Print every line of the listing below, starting with the line that holds "Brooks Brothers cotton boxer shorts - White" and going on through the line that holds "Fone De Ouvido", both included, and print nothing else.

Input for this task:
• • • • •

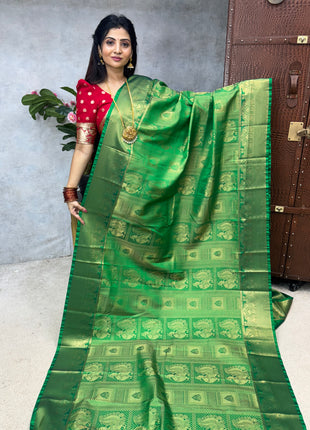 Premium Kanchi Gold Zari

• • • • •

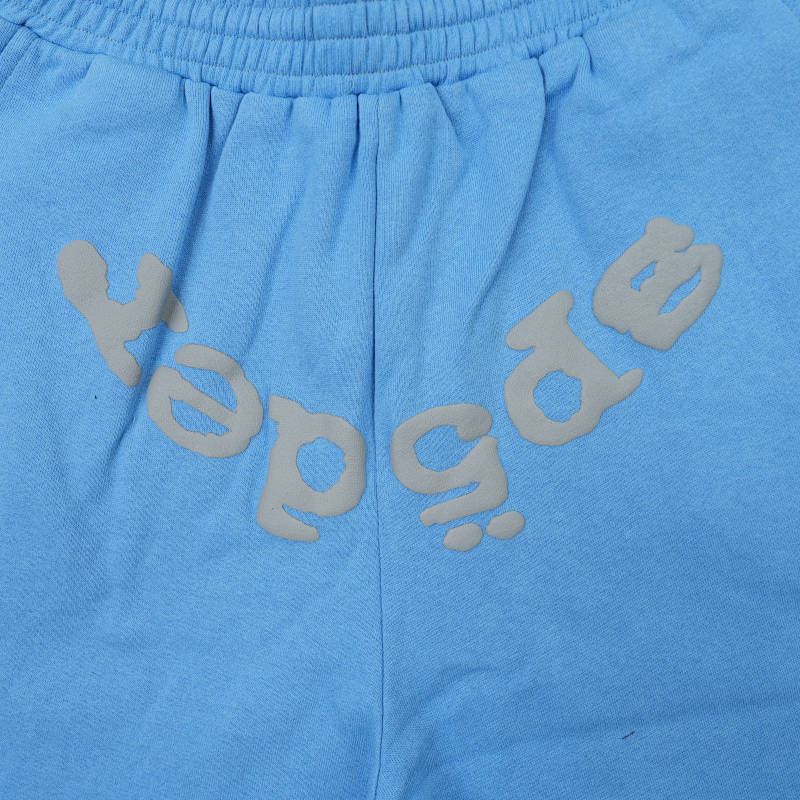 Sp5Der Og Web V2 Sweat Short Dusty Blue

• • • • •

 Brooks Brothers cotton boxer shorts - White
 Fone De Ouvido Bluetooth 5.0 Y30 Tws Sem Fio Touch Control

• • • • •

Your solution:
 Brooks Brothers cotton boxer shorts - White
 Fone De Ouvido Bluetooth 5.0 Y30 Tws Sem Fio Touch Control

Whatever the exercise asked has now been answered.